Task instructions: Beginning with the line that includes "Placa Nano Pi Neo" and ending with the last line of the entries below, set down each line exactly; include no pictures.

(Dataset entries)
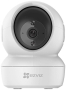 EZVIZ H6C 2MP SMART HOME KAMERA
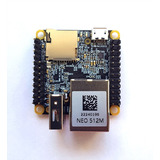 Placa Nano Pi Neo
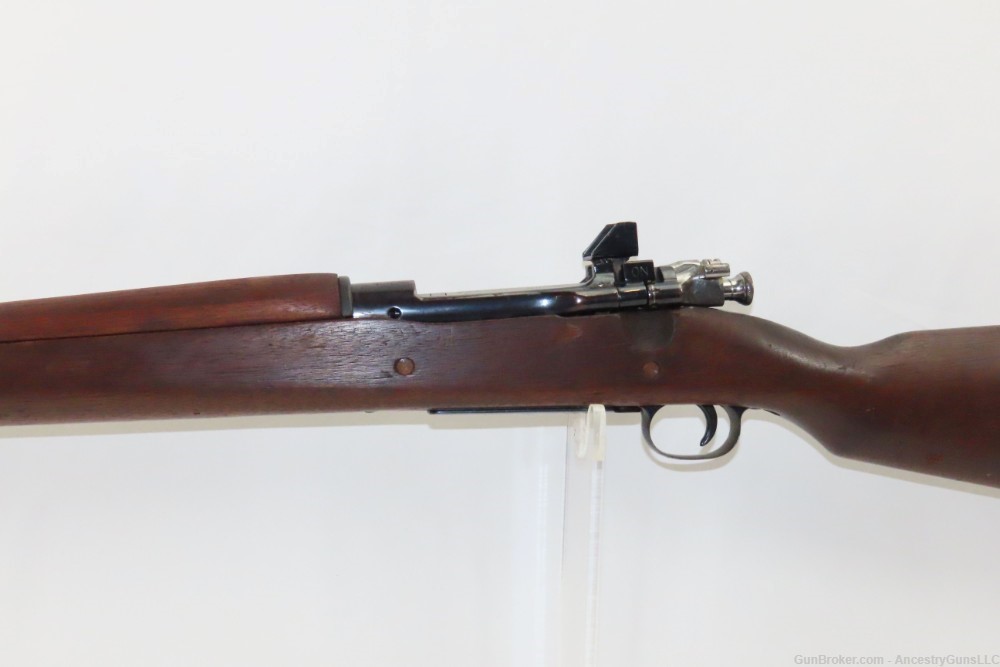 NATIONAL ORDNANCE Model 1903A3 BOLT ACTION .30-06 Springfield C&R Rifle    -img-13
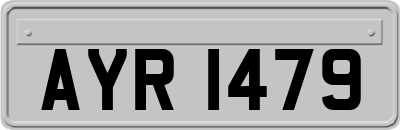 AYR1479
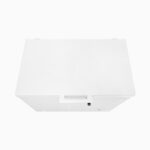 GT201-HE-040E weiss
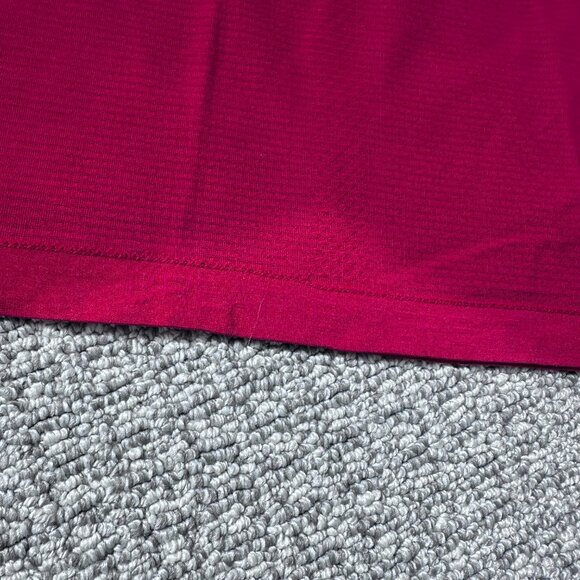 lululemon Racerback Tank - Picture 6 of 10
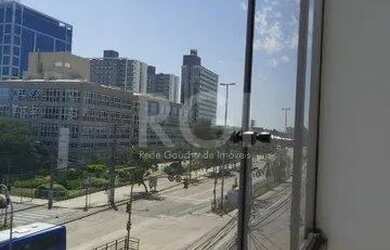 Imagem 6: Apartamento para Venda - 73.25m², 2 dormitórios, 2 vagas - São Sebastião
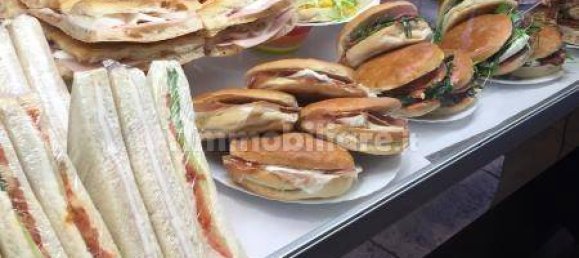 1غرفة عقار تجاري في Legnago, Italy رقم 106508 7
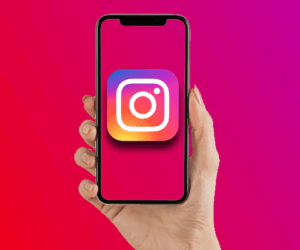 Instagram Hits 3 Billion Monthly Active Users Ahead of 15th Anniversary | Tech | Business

Response to the exercise:
 Placa Nano Pi Neo
 NATIONAL ORDNANCE Model 1903A3 BOLT ACTION .30-06 Springfield C&R Rifle    -img-13
 AYR1479
 GT201-HE-040E weiss
 lululemon Racerback Tank - Picture 6 of 10
 Imagem 6: Apartamento para Venda - 73.25m², 2 dormitórios, 2 vagas - São Sebastião
 1غرفة عقار تجاري في Legnago, Italy رقم 106508 7
 Instagram Hits 3 Billion Monthly Active Users Ahead of 15th Anniversary | Tech | Business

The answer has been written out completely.